I’m excited to announce the beginning of the new school year for students at the Wilder School of Government and Public Affairs at VCU. Especially for our new students, this marks the beginning of an experience they will remember for the rest of their lives.
As these students begin or continue their education, they are setting a path forward for successful careers and emerging leaders in public service. Each time I visit the campus, I enjoy the opportunity to speak with the students and learn about their goals and ambitions.
It’s also important to acknowledge the transformative leadership of Wilder School Dean Susan Gooden. As a world-class researcher and public policy expert, she brings decades of experience and understanding of the challenges and opportunities facing higher education today. In addition to improving the academic hands-on learning experiences for students, she has been extremely skillful in increasing the reputation of the Wilder School, as evidenced by the continuing rise in our national rankings from the U.S. News & Report.
Below is the welcome back message Dean Gooden shared this morning. It’s an excellent report of accomplishments and opportunities to look forward to in the coming year. Once again, welcome back and here’s to another outstanding year.
We’ve accomplished a lot in the past year, as the Wilder School continues to be ranked #1 among Schools of Public Affairs in the Commonwealth of Virginia and ranked in the top 15% nationally, at #35 in the 2023 U.S. News & World Report rankings. Since 2018, the Wilder School’s public affairs graduate school position has risen 21 spots and the 2023 distinctions mark the school’s highest rankings since its creation in 2004. Go Team Wilder!
A few impressive points of pride from last year include the Master’s of Urban and Regional Planning degree program receiving full, seven year accreditation by the Planning Accreditation Board; the recognition of Criminal Justice faculty member, Dr. Jay Albanese, with the Outstanding Faculty Award from the State Council of Higher Education for Virginia (SCHEV), the highest honor for faculty members, recognizing superior accomplishments in teaching, research and public service (and a Wilder School first!); Best Value Schools recently featured our Master’s in Homeland Security and Emergency Preparedness as one of the 2021 Best Master’s in Emergency Management Online programs in the country; and the National Academic Advising Association (NACADA), the preeminent global network for academic advising, named Dr.

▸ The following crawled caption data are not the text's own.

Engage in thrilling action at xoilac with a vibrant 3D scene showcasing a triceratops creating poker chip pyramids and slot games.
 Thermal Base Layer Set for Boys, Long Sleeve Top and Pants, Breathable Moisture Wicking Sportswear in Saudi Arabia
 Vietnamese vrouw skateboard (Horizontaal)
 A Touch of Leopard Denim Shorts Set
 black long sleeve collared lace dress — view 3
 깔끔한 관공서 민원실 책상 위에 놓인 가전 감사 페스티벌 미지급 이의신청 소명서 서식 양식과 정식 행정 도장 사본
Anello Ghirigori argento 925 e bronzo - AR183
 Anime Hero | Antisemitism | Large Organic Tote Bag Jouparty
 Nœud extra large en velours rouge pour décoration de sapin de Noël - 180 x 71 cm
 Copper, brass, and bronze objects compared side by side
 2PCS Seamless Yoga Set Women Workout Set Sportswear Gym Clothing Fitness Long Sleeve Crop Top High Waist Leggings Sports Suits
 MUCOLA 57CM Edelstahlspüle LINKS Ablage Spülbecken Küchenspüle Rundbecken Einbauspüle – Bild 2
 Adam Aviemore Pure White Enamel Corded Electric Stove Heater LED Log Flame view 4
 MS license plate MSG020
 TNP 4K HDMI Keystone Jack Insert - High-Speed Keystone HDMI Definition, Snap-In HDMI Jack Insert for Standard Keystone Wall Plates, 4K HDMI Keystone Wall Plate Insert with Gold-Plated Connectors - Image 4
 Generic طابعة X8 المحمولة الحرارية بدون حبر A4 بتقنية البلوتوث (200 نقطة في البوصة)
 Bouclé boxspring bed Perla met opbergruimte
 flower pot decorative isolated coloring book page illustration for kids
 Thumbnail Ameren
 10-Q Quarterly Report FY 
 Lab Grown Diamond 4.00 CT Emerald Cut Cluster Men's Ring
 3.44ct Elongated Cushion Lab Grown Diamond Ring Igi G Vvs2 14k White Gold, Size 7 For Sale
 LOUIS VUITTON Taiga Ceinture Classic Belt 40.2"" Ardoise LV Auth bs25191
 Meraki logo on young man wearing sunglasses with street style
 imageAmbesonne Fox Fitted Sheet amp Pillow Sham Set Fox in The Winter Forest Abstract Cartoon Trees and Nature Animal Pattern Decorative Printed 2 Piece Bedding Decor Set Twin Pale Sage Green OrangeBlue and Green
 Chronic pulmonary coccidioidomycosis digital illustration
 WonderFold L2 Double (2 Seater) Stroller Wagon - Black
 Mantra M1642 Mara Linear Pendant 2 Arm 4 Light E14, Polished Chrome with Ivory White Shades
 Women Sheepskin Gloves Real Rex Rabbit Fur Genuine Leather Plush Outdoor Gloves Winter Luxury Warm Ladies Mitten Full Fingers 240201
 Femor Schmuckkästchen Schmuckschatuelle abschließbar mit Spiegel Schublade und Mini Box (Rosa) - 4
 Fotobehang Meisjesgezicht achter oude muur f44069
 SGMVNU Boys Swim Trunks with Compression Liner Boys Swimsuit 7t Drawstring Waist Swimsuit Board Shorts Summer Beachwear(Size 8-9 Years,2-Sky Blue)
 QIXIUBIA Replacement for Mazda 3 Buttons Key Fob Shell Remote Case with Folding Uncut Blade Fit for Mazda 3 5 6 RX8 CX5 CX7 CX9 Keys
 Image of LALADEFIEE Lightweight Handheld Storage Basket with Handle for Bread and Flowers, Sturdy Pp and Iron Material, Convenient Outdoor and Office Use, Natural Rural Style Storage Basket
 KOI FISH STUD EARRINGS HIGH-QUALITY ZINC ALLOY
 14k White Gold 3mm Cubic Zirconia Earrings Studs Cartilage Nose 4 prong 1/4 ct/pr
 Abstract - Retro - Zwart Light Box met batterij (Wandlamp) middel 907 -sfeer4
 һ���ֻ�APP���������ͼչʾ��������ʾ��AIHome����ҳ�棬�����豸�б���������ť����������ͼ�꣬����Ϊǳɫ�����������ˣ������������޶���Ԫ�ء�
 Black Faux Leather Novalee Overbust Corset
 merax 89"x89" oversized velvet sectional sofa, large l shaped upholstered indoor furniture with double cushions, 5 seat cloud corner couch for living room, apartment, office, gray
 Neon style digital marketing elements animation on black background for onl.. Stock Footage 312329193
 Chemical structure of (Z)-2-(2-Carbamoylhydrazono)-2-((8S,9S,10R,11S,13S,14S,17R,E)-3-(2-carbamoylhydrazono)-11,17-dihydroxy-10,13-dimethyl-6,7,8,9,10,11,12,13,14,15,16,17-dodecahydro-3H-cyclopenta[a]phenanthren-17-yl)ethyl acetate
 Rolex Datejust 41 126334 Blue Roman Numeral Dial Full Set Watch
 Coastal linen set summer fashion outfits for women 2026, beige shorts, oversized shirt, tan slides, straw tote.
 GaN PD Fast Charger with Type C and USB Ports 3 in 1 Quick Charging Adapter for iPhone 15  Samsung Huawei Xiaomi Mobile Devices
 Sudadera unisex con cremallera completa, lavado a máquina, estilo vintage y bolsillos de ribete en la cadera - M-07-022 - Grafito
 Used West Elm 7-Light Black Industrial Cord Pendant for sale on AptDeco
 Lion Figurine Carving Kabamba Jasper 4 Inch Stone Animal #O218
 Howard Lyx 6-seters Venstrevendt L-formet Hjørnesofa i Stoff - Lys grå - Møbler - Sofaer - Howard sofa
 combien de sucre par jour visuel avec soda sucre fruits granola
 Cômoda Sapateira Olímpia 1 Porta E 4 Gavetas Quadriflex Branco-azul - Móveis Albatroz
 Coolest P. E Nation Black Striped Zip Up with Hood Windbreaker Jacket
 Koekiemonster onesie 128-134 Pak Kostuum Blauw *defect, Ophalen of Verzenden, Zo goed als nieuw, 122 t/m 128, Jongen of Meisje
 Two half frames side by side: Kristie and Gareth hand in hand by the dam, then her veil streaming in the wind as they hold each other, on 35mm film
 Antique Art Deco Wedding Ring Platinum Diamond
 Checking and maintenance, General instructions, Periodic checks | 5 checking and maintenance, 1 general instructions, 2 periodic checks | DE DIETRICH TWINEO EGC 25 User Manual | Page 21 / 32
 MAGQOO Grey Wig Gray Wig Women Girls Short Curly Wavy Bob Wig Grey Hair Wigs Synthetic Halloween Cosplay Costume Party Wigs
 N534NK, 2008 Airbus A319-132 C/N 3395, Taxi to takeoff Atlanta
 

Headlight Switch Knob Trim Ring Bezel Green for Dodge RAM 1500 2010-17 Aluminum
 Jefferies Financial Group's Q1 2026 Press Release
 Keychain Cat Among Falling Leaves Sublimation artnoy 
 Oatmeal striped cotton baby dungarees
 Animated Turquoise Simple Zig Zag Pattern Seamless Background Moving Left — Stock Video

Shajuana Isom-Payne as the recipient of the 2022 Outstanding Advocate for Academic Advising Award for Region 2.
The critical work of our Racial Equity Action Plan (REAP) continued, including one of the most tangible outcomes—a Wilder School book project, The Triple Pandemic: Implications for Racial Equity and Public Policy, which is in-press for publication and includes a foreword from our school’s namesake, Governor L. Douglas Wilder.
Our academic and center and institute faculty secured over $5 million in external funding during FY22, which is double that of last year’s record high. Our newest institute, the Research Institute for Social Equity (RISE) received $3 million in funding from the Commonwealth of Virginia which will significantly expand its role in promoting social justice research, academic scholarship and public engagement under the leadership of inaugural RISE director, Dr. Nakeina Douglas-Glenn.
Our Excellence in Virginia Government Awards (EVGA) luncheon made a phenomenal in-person return in April 2022, with more than 250 attendees as we celebrated and recognized Virginia public servants who have made exceptional contributions to the practice of government and improving the livelihood of our communities.
The Wilder School’s Commonwealth Poll, a CNN recognized poll, continues to lead the way in providing clear and accurate polling of the opinions of Virginia’s citizens and residents on an array of public policy issues, including the 2021 Virginia gubernatorial election.
Our signature fall event, the Wilder Symposium will be held in person on Monday, September 19 from 6:00-7:30 p.m. in the Singleton Center. Racism, Health, and Accountability with keynote speaker Governor L. Douglas Wilder, will discuss the complex ethical issues exposed during the case of Bruce Tucker, a Black man, whose heart was transplanted into a white businessman without the family’s consent at MCV in 1968. Wilder filed a lawsuit, representing Tucker’s family on their quest for justice and accountability and will trace the role of institutionalized racism to today’s continuing battle for healthcare equity and access.
Hosted by the Wilder School and University College, this symposium is part of a larger series based on the 2022-2023 VCU Common Book, The Organ Thieves: The Shocking Story of the First Heart Transplant in the Segregated South by Chip Jones. The book follows a long legacy of mistreatment of African Americans for unethical medical advancement in the segregated south.
The 2022-23 academic year promises to be filled with many opportunities and new accomplishments as we lead the way in public service excellence through our teaching, research and service. Thanks to each of you for your energetic commitment to the Wilder School! Let’s make it another great year!